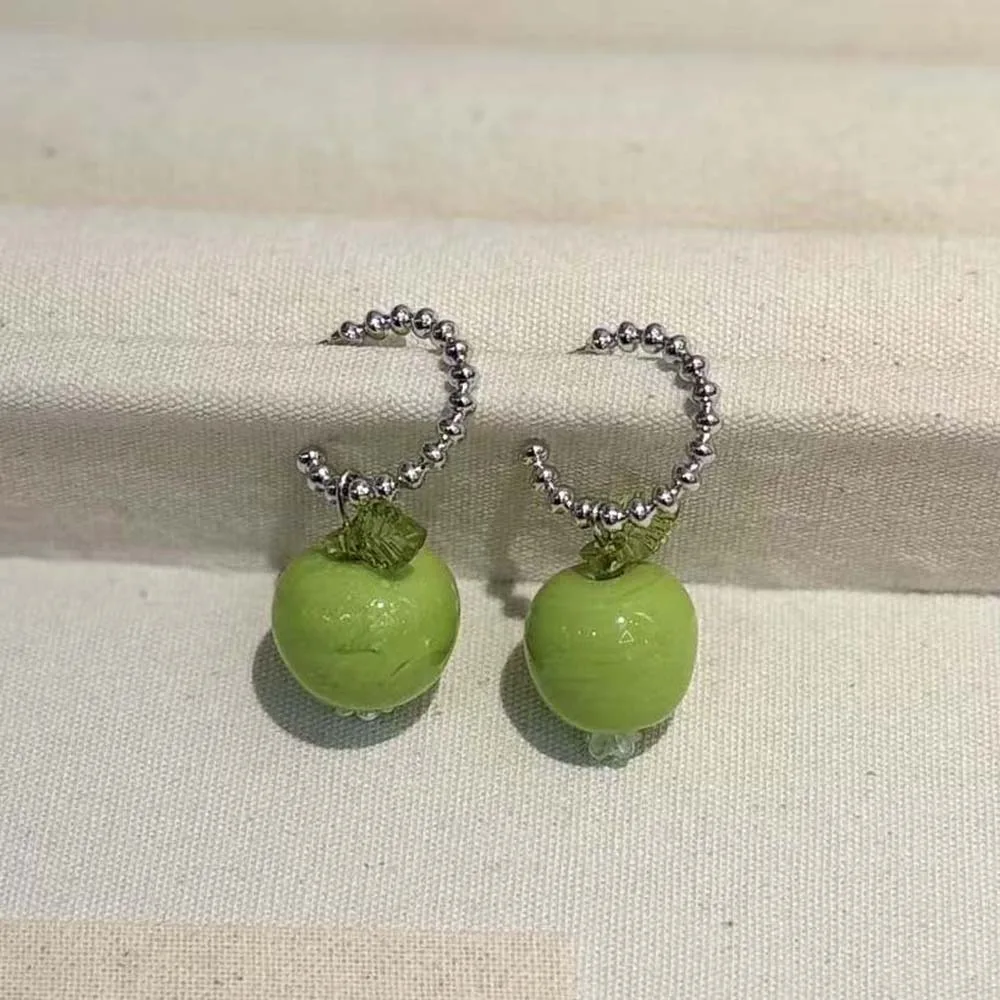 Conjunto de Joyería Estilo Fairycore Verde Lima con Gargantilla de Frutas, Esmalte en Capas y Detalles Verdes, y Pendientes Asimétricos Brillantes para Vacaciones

==

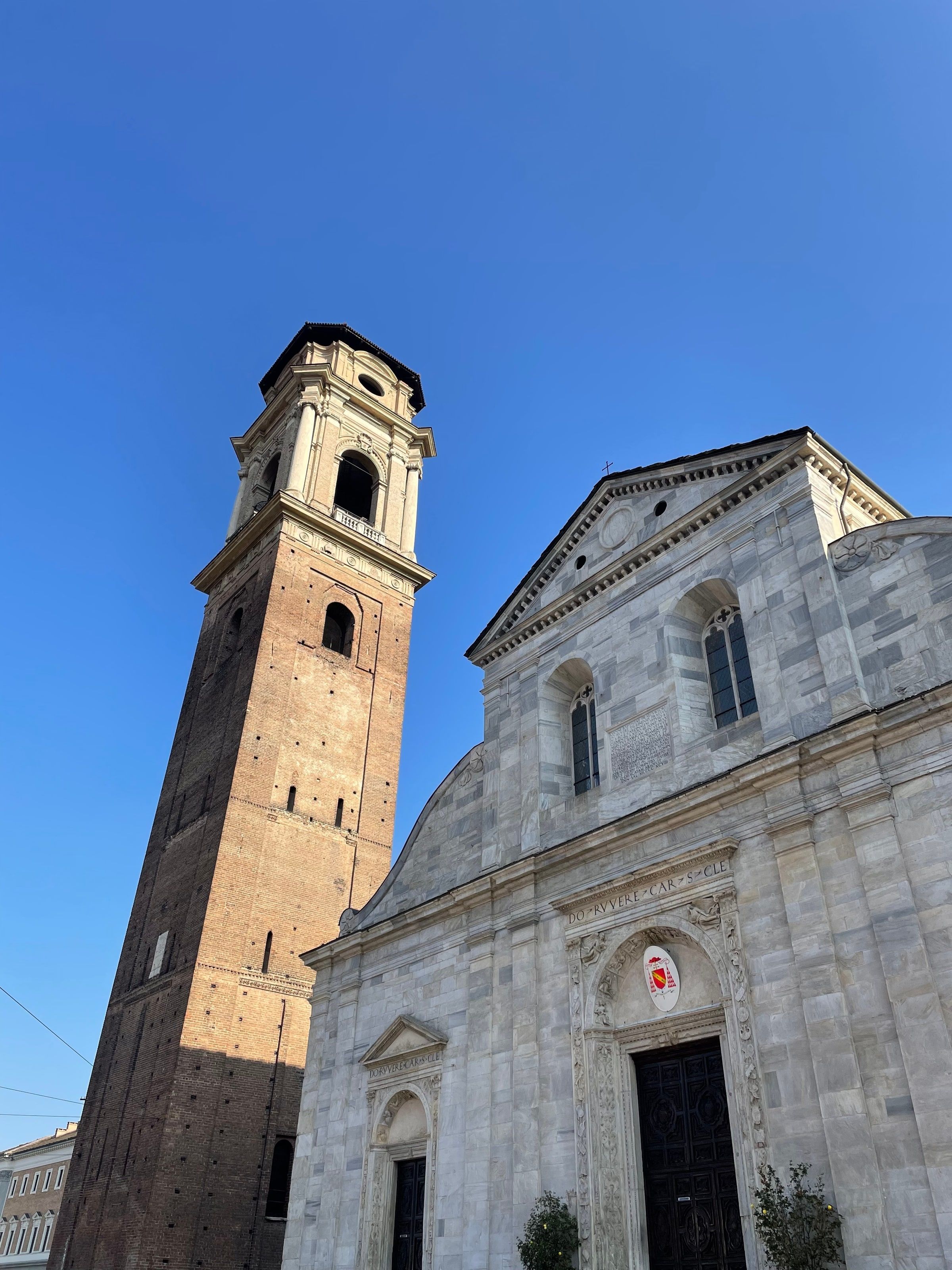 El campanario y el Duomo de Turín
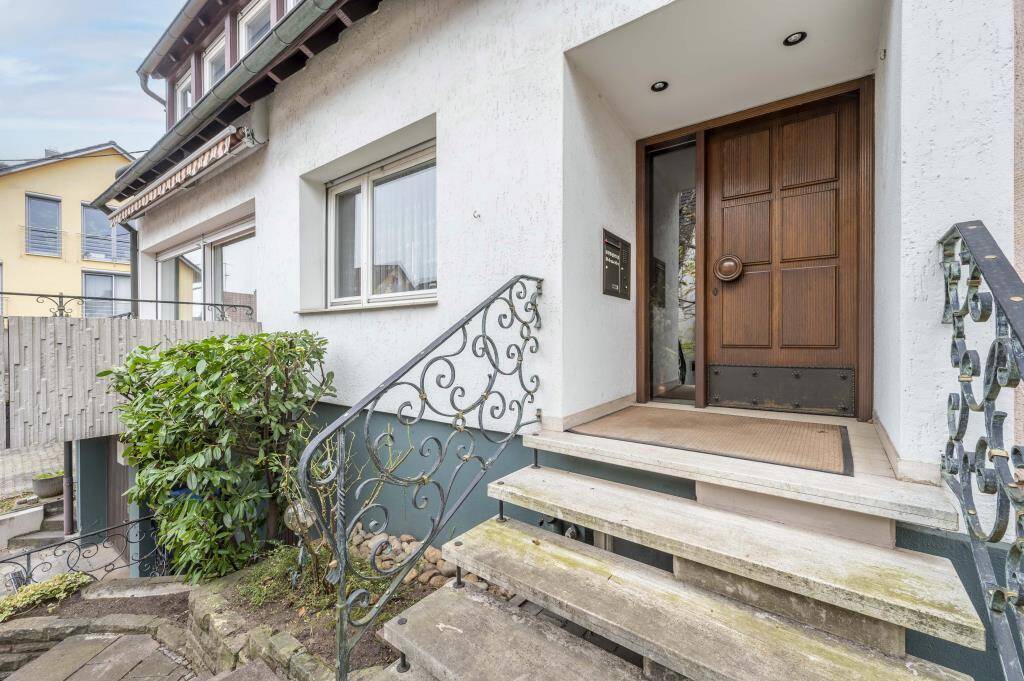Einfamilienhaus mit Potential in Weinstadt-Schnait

---

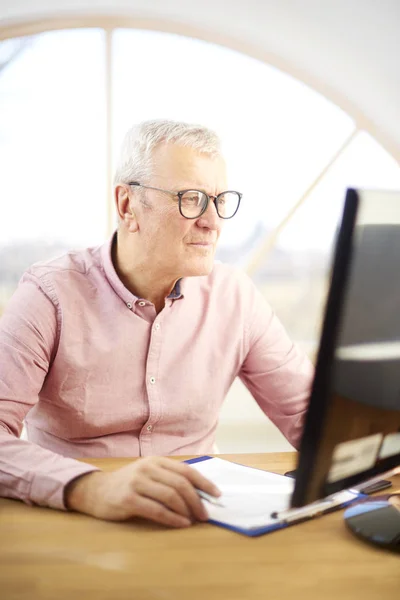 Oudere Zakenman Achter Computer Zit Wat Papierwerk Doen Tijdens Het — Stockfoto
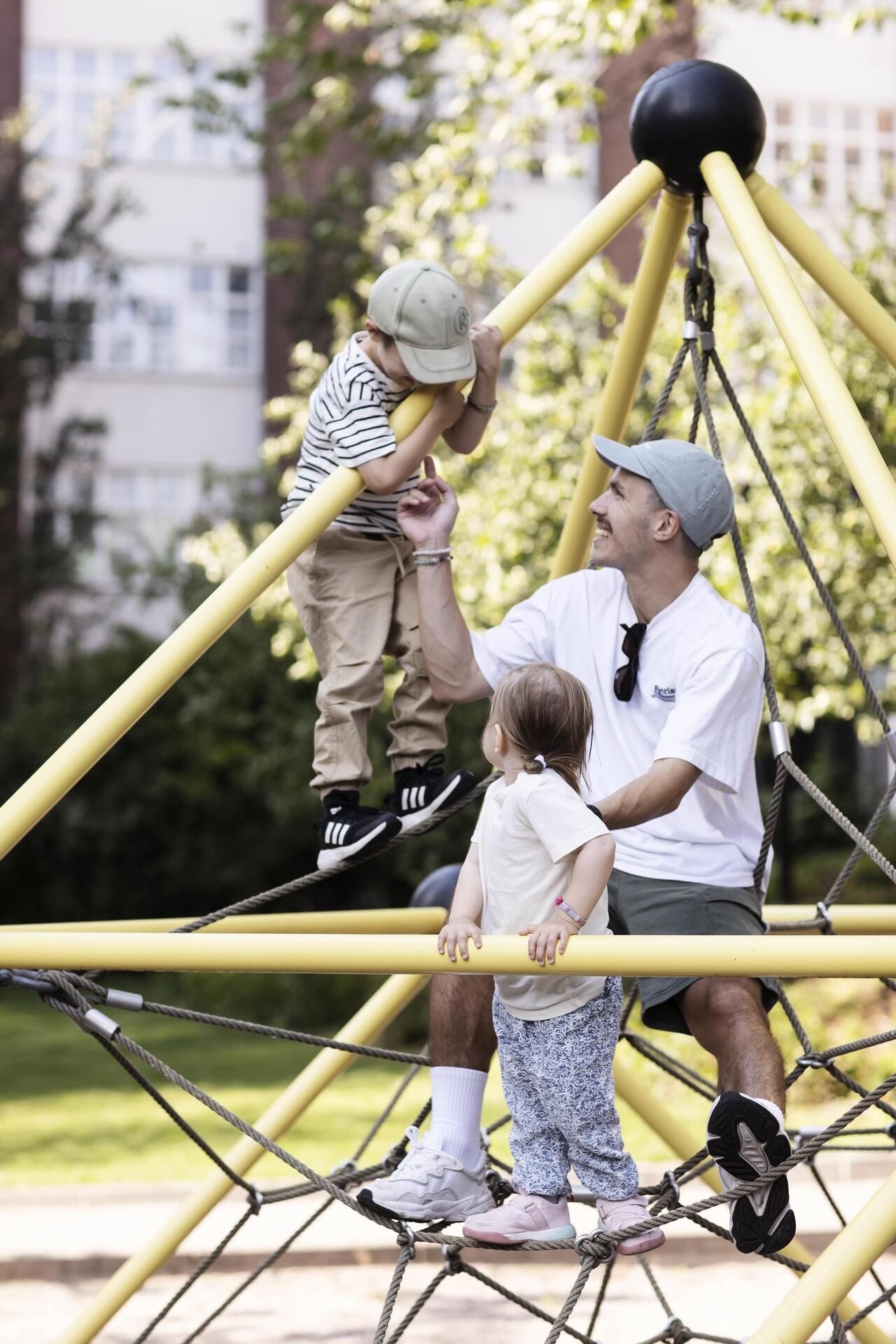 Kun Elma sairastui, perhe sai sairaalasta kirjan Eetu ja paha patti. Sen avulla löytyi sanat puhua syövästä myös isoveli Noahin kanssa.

» EXERCISE: Where a picture appears in the records above, omit it, and transcribe exactly the stretch of lines from the one with "Oudere Zakenman Achter" through the one with "Kun Elma sairastui, perhe".

» ANSWER TO THE PROBLEM:
 Oudere Zakenman Achter Computer Zit Wat Papierwerk Doen Tijdens Het — Stockfoto
 Kun Elma sairastui, perhe sai sairaalasta kirjan Eetu ja paha patti. Sen avulla löytyi sanat puhua syövästä myös isoveli Noahin kanssa.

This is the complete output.